Latest update May 13th, 2024 12:59 AM
Jul 31, 2018 Features / Columnists, Freddie Kissoon
Examine with a meticulous eye, legislation, ministerial edicts, governmental guidelines and related action, and you will see there is hardly the intention to maximize freedom and to allow for the decentralization of authority, and to let power devolve to what the ancient Greek philosophers called the “DEMOS,” that is, communities and the people in general.
We had no legislation covering cybercrime. We now do. Look what it encapsulated – a frightening dimension that curtails free speech. After some serious hollering from society, the internecine clause was removed. But the fact that it was put there in the first place tells you about the Freudian instincts that have governed this county from colonial domination to fifty-two years of Independence. It is the instinct of authoritarian possession of power.
This assault on free speech in the cybercrime Bill is a frightening specter when you think of who put it there. It was the action of a set of politicians who arose to power after exposing the autocratic mentality of two former presidents – Jagdeo and Ramotar. These two past presidents would have seen that obnoxious clause as normal legislation.
Take a second example. The University administration has proposed to the government an amendment to the University of Guyana Act to remove sectoral representation on the Council of the University. At present, lawyers, doctors, women, Indigenous folks, farmers, parliamentary opposition, current government in office etc., each have a voting presence on the Council. The university contends that it constitutes interference in the administration. Removing that clause is commonsense and need not detain any further.
What is appalling is that in the proposed restructuring, there is no blueprint for the devolution of power in the university system. It means that the head of the university has total administrative jurisdiction that cannot be challenged. Our leaders simply have a sickening habit of not learning from the past.
The current head of the university may not practice hegemony after the Act is passed, but down the years we may very well have one who loves power. Parliament will amend the Act and not one, not one politician from the ruling coalition will have the intellectual decency to put mechanisms in place to stop administrative hegemony. What is at work in this country since British colonialism is the Freudian love for power.

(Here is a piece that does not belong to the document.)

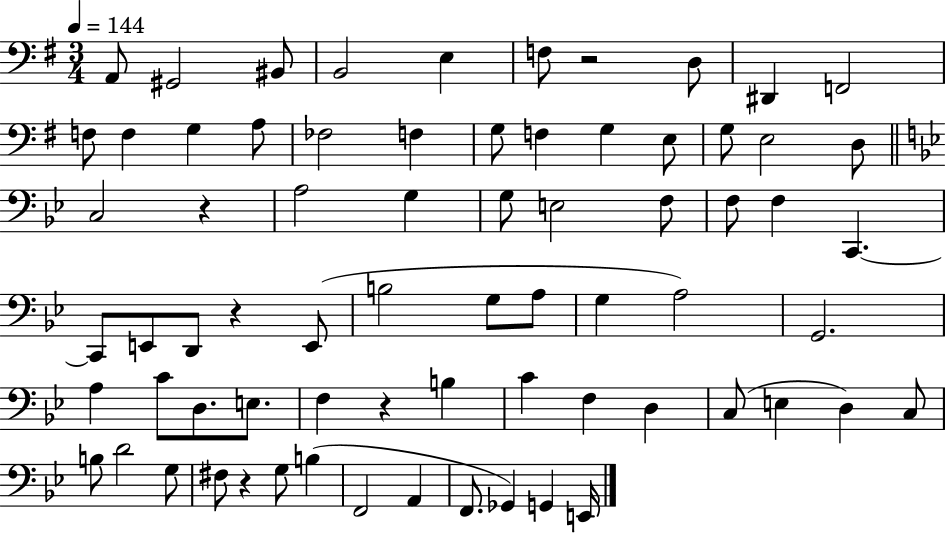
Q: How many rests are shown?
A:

Let’s take yet another example. The Bar Association attacked, and one can say viciously too, the statement from the Deputy Director of SARA, that the judiciary’s decisions in relation to money laundering investigation are a cause for concern. One of the silly aspects of the Bar Association’s statement is that the pronouncement can intimidate the judiciary. The Bar Association cannot see how it has ridiculed Guyana in the eyes of the world. If judges in this land can be scared of what is said about their rulings, then Guyana is further down the road to nihilism than I ever thought of.

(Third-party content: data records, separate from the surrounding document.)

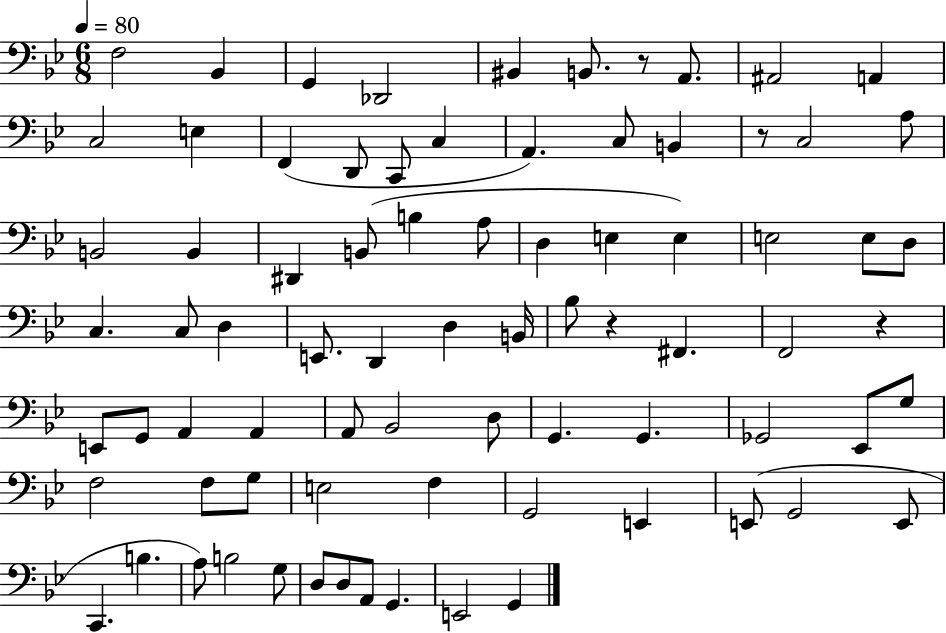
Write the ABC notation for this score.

X:1
T:Untitled
M:6/8
L:1/4
K:Bb
F,2 _B,, G,, _D,,2 ^B,, B,,/2 z/2 A,,/2 ^A,,2 A,, C,2 E, F,, D,,/2 C,,/2 C, A,, C,/2 B,, z/2 C,2 A,/2 B,,2 B,, ^D,, B,,/2 B, A,/2 D, E, E, E,2 E,/2 D,/2 C, C,/2 D, E,,/2 D,, D, B,,/4 _B,/2 z ^F,, F,,2 z E,,/2 G,,/2 A,, A,, A,,/2 _B,,2 D,/2 G,, G,, _G,,2 _E,,/2 G,/2 F,2 F,/2 G,/2 E,2 F, G,,2 E,, E,,/2 G,,2 E,,/2 C,, B, A,/2 B,2 G,/2 D,/2 D,/2 A,,/2 G,, E,,2 G,,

The Bar Association wants the SARA official to apologize. Here clearly we see the Freudian fascination with power. The Bar Association is deeply contemptuous of free speech. Nowhere in the SARA statement was a particular judge named or a particular case cited. Yet for voicing an opinion of disagreement with the judiciary, the Bar Association wants the SARA official to apologize. If he does that, where does that leave the existence of free speech?
In which society other than a naked, nasty, oligarchic state, can a citizen or an organizational head or a minister not voice a dissenting view of a judicial decision? Why is the judiciary in a democratic society above being scrutinized? How can a society remain democratic if rulings by the judiciary cannot be commented on?
President Bush said he disagreed with a judge who ruled that the plug cannot be taken off from a brain dead patient. Ruling politicians voiced dissent at the court finding that parliament has to rule on the acceptance of Brexit. There was widespread denunciation of a judge’s decision to give probation to a youth after he drove onto a pavement killing four persons.
Magistrates and judges are extremely powerful people in any country. Only the constitution is above the judiciary. The judiciary can strike down any act of parliament or any proclamation issued by a prime minister or president or any edict from the Cabinet as being unconstitutional. To have such an institution remain insulated from public criticism is a dangerous turn into a sea of deadly waters. Judges and magistrates are no different from any other humans. They can be wrong. They can be careless. They can make awful decisions that are very bad in law. Why can’t they be criticized?